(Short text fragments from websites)
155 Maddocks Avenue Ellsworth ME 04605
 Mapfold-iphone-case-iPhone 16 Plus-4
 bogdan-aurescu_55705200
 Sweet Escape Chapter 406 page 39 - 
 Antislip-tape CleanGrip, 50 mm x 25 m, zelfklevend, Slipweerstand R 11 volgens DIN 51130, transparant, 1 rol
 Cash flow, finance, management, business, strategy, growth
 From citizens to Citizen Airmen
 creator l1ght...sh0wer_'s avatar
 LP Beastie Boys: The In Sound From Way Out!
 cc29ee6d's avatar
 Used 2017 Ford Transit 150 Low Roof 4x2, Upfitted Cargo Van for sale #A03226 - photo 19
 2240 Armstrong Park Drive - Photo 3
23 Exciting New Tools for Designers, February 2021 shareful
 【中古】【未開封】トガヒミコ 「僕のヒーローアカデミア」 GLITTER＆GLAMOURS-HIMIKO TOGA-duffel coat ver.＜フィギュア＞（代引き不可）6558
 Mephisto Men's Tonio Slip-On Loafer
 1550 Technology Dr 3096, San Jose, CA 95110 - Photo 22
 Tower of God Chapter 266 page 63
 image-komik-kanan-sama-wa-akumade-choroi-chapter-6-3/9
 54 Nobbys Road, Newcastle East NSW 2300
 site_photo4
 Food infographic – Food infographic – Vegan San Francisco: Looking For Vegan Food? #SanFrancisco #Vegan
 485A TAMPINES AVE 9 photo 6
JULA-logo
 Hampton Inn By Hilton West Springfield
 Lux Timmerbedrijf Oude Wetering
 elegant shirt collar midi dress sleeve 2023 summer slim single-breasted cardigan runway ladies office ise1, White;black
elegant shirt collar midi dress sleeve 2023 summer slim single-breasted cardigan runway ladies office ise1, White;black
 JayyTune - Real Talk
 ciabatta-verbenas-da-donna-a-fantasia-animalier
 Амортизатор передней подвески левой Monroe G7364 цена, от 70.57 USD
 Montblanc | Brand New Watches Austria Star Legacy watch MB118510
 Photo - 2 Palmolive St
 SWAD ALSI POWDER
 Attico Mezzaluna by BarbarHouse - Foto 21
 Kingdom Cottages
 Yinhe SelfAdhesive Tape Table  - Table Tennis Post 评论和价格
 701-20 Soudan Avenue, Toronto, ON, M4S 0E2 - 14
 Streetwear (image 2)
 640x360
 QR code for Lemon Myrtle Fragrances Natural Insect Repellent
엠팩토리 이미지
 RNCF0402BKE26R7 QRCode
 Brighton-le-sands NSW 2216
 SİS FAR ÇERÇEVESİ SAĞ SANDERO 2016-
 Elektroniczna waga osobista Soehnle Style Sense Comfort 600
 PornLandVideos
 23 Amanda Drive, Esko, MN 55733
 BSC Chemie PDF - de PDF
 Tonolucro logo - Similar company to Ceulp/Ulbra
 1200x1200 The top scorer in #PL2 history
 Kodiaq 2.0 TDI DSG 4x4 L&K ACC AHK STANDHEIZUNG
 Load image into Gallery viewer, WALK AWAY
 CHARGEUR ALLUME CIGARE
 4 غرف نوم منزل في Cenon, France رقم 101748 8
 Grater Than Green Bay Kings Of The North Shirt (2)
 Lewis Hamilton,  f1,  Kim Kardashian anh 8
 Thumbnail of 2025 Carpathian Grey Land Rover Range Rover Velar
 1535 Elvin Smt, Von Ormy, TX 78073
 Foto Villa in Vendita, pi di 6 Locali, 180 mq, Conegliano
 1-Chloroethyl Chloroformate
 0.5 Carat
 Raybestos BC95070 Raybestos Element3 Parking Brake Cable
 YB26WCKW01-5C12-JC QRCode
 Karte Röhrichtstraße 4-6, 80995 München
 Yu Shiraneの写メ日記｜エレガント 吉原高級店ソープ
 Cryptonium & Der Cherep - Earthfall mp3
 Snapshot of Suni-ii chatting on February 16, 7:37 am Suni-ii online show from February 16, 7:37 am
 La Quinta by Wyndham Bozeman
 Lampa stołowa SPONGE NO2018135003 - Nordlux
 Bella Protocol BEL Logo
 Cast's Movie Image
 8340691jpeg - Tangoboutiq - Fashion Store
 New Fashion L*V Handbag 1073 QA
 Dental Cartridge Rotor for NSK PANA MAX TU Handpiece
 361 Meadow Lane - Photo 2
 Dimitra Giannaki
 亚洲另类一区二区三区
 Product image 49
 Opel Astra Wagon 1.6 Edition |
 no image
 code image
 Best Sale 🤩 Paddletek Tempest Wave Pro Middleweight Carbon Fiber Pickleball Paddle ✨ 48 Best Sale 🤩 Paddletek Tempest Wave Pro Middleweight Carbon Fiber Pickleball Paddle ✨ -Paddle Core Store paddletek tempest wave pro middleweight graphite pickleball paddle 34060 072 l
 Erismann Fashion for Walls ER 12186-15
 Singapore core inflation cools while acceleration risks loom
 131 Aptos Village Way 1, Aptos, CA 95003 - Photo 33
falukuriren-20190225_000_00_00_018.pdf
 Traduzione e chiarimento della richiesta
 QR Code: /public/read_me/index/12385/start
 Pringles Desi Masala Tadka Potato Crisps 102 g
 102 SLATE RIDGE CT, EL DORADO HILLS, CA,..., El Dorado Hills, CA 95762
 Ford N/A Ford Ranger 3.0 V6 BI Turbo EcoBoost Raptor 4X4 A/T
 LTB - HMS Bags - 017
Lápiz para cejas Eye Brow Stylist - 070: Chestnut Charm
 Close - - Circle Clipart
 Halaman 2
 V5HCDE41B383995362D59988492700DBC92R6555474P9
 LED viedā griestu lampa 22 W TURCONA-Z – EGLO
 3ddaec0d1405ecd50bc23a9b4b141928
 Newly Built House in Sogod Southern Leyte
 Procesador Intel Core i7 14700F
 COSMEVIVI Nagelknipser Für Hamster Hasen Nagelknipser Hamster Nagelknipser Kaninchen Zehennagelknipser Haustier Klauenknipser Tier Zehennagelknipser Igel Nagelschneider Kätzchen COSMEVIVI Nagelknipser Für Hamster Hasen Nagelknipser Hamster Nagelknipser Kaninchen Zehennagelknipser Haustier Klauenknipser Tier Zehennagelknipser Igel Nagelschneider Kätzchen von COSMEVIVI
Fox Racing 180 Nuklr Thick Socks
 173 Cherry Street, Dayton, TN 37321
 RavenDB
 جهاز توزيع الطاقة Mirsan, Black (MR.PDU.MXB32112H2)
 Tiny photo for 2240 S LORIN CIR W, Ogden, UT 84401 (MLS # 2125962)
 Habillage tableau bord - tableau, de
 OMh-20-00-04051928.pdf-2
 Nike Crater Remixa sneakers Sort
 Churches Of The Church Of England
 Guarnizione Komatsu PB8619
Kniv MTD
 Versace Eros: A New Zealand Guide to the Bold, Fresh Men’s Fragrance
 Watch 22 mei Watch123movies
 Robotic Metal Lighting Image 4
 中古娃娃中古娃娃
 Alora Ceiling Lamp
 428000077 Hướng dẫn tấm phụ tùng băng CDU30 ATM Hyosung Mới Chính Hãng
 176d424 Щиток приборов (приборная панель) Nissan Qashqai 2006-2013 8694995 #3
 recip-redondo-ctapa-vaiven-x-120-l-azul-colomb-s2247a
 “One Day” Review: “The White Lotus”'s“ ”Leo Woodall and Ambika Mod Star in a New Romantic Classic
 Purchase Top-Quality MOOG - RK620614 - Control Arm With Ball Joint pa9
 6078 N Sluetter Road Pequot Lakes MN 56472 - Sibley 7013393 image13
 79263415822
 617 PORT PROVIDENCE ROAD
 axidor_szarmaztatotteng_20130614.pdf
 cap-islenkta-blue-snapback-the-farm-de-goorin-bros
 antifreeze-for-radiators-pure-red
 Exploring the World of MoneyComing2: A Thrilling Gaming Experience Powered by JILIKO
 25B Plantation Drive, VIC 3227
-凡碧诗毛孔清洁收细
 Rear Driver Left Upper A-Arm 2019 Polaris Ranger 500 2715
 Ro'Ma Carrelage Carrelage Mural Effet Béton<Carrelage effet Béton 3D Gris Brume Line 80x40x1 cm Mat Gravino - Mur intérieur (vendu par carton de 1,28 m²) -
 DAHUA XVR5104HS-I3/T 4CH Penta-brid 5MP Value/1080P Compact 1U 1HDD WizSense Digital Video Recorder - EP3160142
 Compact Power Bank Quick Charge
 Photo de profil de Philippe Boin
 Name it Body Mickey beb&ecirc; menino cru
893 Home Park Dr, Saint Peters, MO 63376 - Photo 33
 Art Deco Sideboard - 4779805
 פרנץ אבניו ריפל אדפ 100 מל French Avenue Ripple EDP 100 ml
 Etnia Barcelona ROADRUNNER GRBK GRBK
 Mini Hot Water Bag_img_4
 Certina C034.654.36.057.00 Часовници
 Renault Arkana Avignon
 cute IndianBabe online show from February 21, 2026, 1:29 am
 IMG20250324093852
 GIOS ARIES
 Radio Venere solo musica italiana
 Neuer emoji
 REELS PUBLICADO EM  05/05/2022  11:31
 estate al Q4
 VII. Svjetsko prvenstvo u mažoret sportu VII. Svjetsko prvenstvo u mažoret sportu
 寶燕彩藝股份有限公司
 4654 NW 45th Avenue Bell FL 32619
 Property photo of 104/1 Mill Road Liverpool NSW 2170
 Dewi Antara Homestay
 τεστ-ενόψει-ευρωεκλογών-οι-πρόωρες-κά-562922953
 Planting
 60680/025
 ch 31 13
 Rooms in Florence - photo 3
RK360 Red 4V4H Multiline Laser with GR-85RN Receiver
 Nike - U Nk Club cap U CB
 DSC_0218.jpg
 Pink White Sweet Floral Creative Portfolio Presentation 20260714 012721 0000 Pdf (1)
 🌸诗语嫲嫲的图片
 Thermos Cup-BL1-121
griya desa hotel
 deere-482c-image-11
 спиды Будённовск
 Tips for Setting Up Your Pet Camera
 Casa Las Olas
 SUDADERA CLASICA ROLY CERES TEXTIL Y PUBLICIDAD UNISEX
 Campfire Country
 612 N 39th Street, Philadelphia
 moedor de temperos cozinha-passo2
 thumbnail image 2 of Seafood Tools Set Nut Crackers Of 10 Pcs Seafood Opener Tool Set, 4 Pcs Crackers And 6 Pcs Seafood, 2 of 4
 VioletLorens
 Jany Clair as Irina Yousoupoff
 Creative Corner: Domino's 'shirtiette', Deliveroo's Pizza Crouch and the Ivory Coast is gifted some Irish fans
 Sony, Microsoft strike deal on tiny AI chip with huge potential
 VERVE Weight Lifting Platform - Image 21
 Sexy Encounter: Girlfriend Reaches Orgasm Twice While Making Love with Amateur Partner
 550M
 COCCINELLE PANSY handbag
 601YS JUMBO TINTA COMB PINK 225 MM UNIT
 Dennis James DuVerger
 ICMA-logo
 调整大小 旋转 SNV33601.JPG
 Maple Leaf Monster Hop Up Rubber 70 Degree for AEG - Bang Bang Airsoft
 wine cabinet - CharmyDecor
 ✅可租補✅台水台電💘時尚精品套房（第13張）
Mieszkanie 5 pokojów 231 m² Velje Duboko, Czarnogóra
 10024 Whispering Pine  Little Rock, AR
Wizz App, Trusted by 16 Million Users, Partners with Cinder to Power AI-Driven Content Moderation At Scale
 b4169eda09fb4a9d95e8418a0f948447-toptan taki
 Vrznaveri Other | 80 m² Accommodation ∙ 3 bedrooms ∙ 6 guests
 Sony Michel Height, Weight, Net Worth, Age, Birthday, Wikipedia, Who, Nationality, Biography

* WHAT IS NEEDED
The entries above hold the needed span. Transcribe exactly the lines from the one with "Cast's Movie Image" to the one with "Procesador Intel Core i7 14700F", both included.

* TASK RESULT
 Cast's Movie Image
 8340691jpeg - Tangoboutiq - Fashion Store
 New Fashion L*V Handbag 1073 QA
 Dental Cartridge Rotor for NSK PANA MAX TU Handpiece
 361 Meadow Lane - Photo 2
 Dimitra Giannaki
 亚洲另类一区二区三区
 Product image 49
 Opel Astra Wagon 1.6 Edition |
 no image
 code image
 Best Sale 🤩 Paddletek Tempest Wave Pro Middleweight Carbon Fiber Pickleball Paddle ✨ 48 Best Sale 🤩 Paddletek Tempest Wave Pro Middleweight Carbon Fiber Pickleball Paddle ✨ -Paddle Core Store paddletek tempest wave pro middleweight graphite pickleball paddle 34060 072 l
 Erismann Fashion for Walls ER 12186-15
 Singapore core inflation cools while acceleration risks loom
 131 Aptos Village Way 1, Aptos, CA 95003 - Photo 33
falukuriren-20190225_000_00_00_018.pdf
 Traduzione e chiarimento della richiesta
 QR Code: /public/read_me/index/12385/start
 Pringles Desi Masala Tadka Potato Crisps 102 g
 102 SLATE RIDGE CT, EL DORADO HILLS, CA,..., El Dorado Hills, CA 95762
 Ford N/A Ford Ranger 3.0 V6 BI Turbo EcoBoost Raptor 4X4 A/T
 LTB - HMS Bags - 017
Lápiz para cejas Eye Brow Stylist - 070: Chestnut Charm
 Close - - Circle Clipart
 Halaman 2
 V5HCDE41B383995362D59988492700DBC92R6555474P9
 LED viedā griestu lampa 22 W TURCONA-Z – EGLO
 3ddaec0d1405ecd50bc23a9b4b141928
 Newly Built House in Sogod Southern Leyte
 Procesador Intel Core i7 14700F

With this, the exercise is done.